DATASET EXCERPTS START

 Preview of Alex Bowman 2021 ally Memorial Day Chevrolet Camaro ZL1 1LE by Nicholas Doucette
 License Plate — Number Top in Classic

DATASET EXCERPTS END
DATASET EXCERPTS START

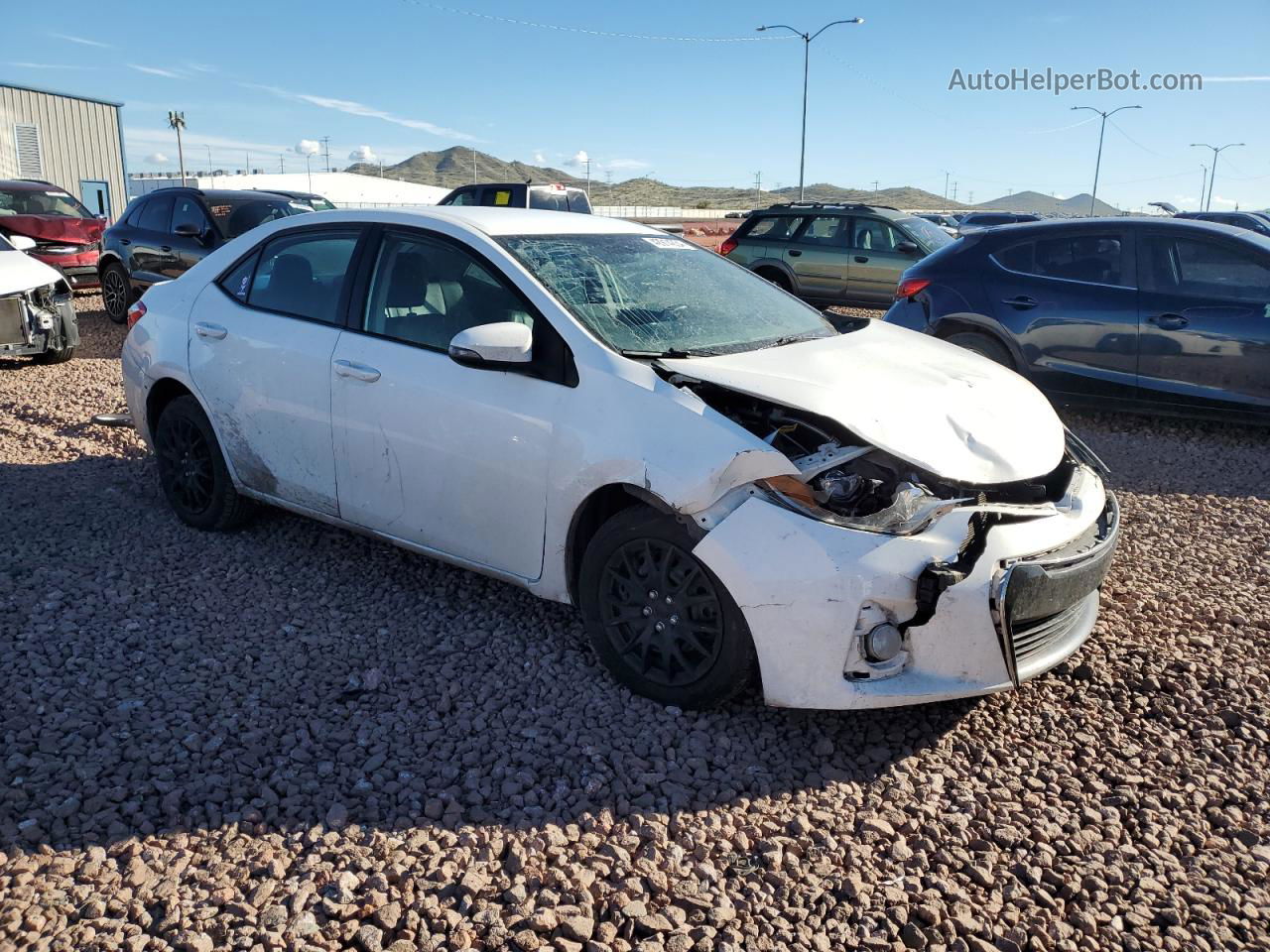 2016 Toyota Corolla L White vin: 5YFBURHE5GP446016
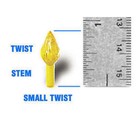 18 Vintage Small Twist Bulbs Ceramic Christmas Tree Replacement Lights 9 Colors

DATASET EXCERPTS END
DATASET EXCERPTS START

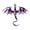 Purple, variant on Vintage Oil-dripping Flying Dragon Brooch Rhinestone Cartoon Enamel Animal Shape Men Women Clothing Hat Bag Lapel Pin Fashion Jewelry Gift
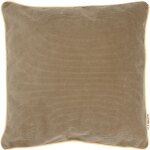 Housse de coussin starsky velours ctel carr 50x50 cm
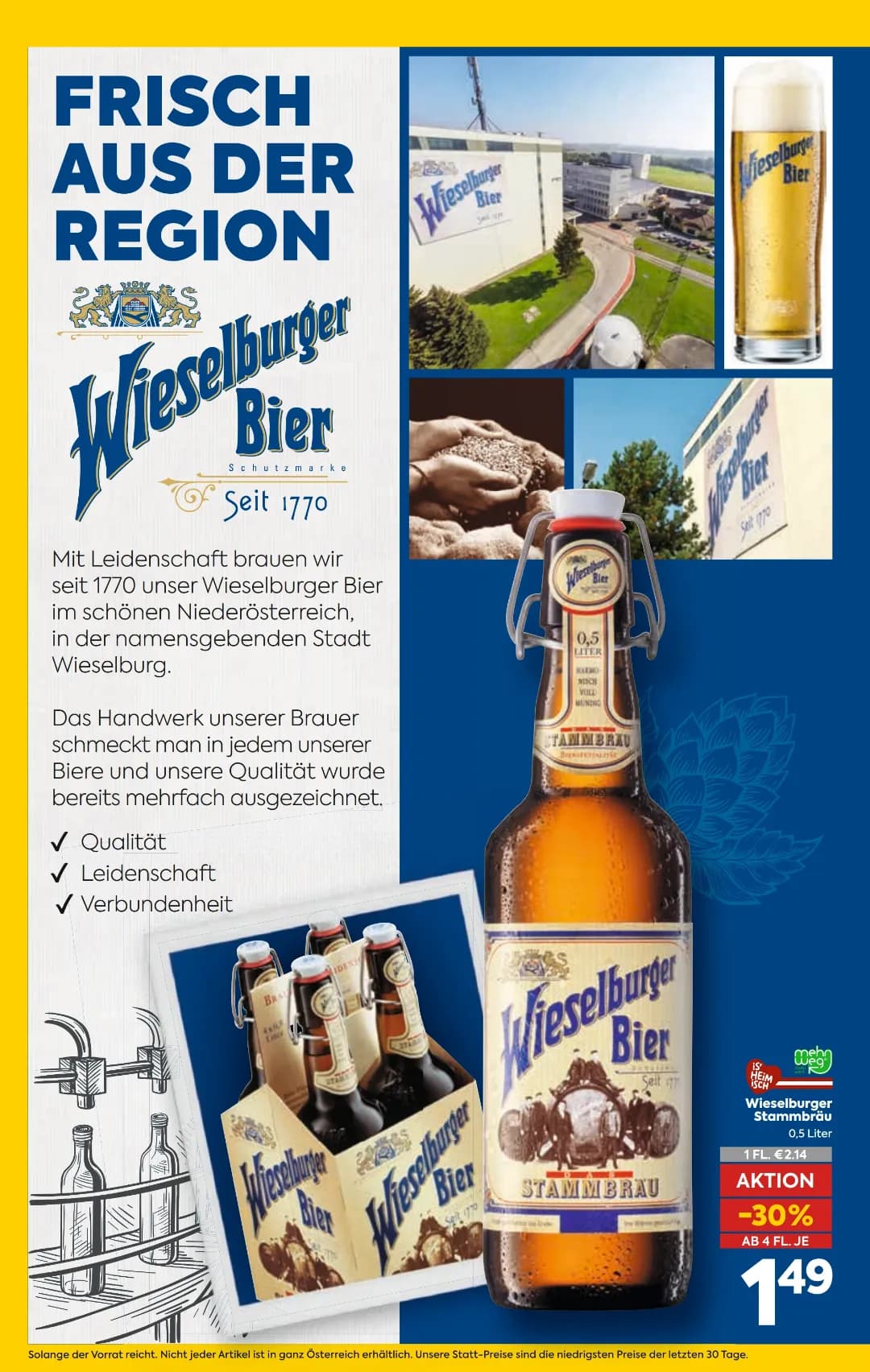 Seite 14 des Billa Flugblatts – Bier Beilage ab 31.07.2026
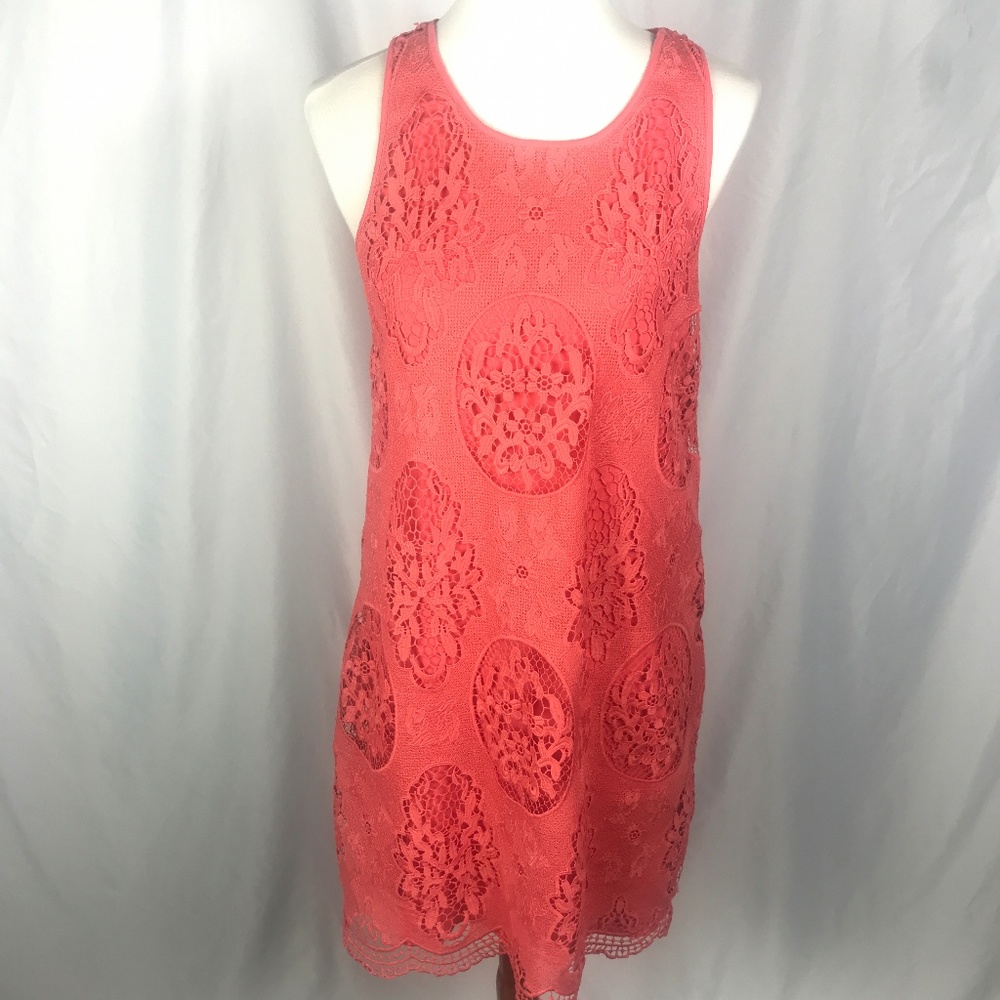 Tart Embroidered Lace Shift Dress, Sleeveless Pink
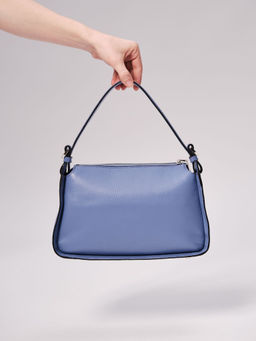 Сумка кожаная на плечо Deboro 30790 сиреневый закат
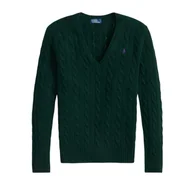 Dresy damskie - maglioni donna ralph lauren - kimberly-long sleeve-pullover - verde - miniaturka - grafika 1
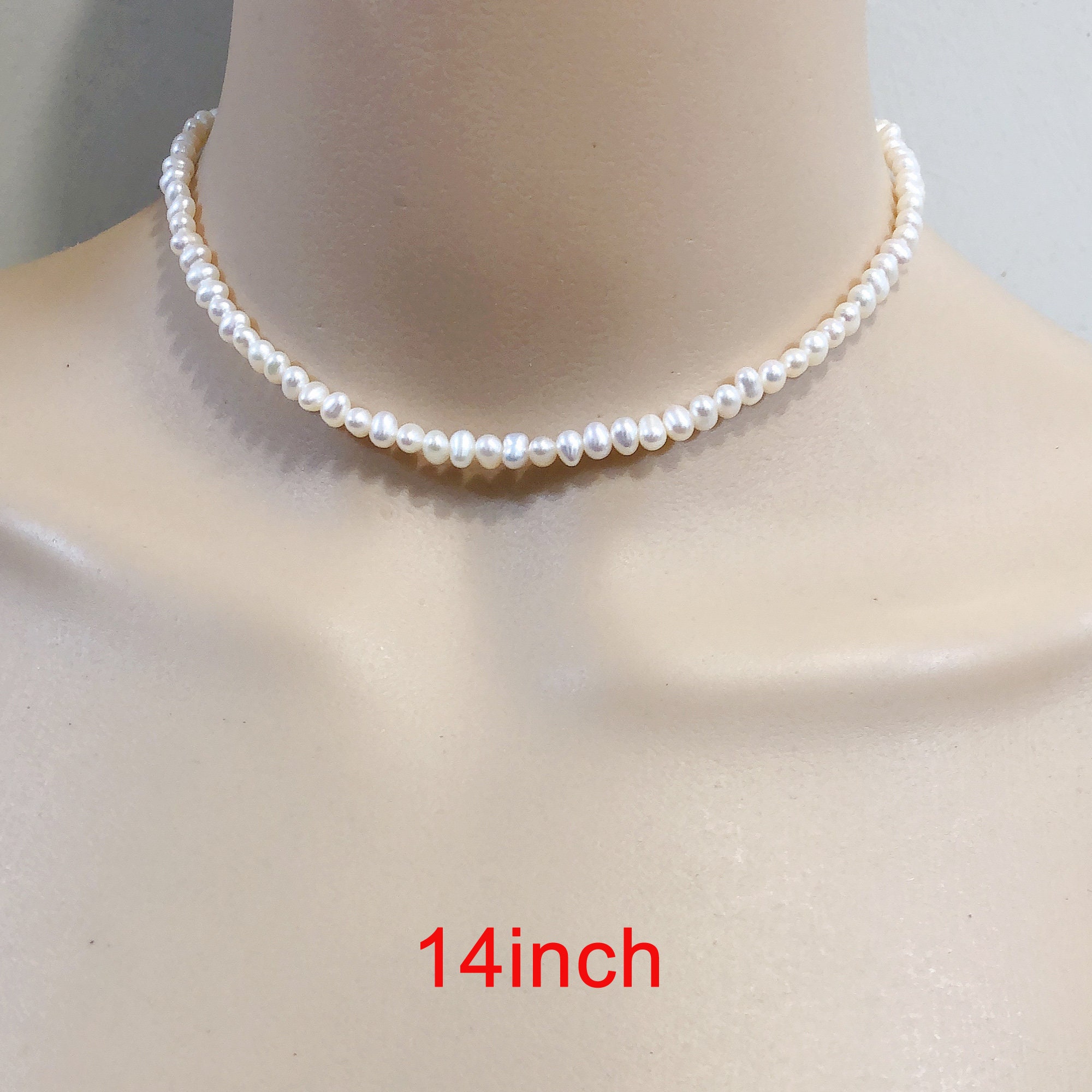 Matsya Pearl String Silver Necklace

DATASET EXCERPTS END

EXERCISE BRIEF: Reproduce the data above exactly, but only from the line containing "Tart Embroidered Lace" through the line containing "Matsya Pearl String Silver Necklace"; skip the pictures.

THE COMPLETED TASK:
 Tart Embroidered Lace Shift Dress, Sleeveless Pink
 Сумка кожаная на плечо Deboro 30790 сиреневый закат
 Dresy damskie - maglioni donna ralph lauren - kimberly-long sleeve-pullover - verde - miniaturka - grafika 1
 Matsya Pearl String Silver Necklace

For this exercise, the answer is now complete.